Closed shartoo closed 7 years ago
Hi, I am not sure whether you are talking about nodule annotations or lung segmentation masks.
For nodules there's the src/data_processing/create_same_spacing_data_NODULE.py
script which draws circles on each of the slices of its output. This does however save it as a gzipped pickled images, not a very common format. I believe the same is done in the tutorial of the DSB2017 competition on Kaggle. After the DSB2017 I can share a script which outputs the actual (polygon) annotations of the radiologists on the LIDC-IDRI dataset (which is a superset of the LUNA dataset).
For segmentations, I don't think there are sophisticated open source methods available. In my preprocessing tutorial at the DSB2017 challenge I demonstrate a simple approach using region growing and thresholding, perhaps that is a good starting point.

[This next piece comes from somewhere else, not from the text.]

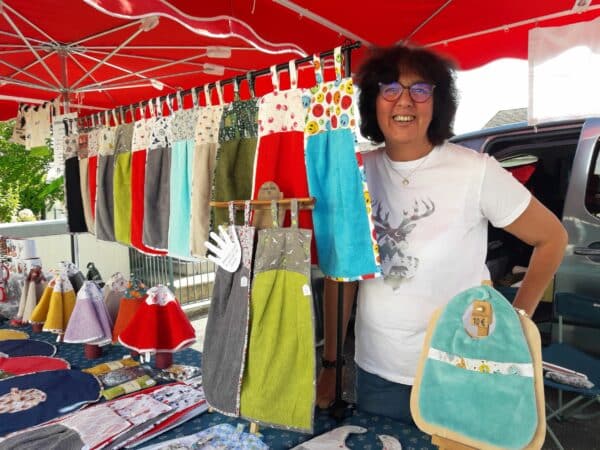 Le premier marché de créateurs et d'artisans a réuni de nombreux talents à Chélan le week-end dernier (Fée Viviane Couture).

Of course you can also do a machine learning approach. I have tried this on a slice per slice basis with a simple Unet architecture (5x512x512 input), which worked pretty well.

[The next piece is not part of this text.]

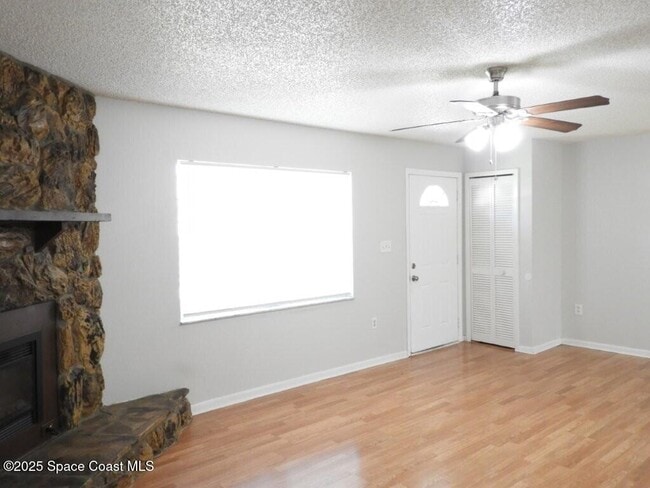 Building Photo - 1006 Wabash Rd SE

Yeah,i'm on DSB2017 too and have forked your kernel,that's a excellent work. Your work has made lung segmentation done,but we could take a step further like refinement to generate nodules candidates and nodule segmentation,cause feeding the whole lung structure to CNN sounds not a good idea. Actually ,there do exists methods to do nodule auto segmentation and show a nice sensitivity 94.2% with thresholding ,morphology and some other machine learning methods.Your can visit LUNA2016 data references ,there are papers on the bottom of the site.
Hi,is there any code to generate candidate from CT scans?LUNA2016 provide mask annotation file,but is there any code to generate it?There are three papers on how to do this,but no open source.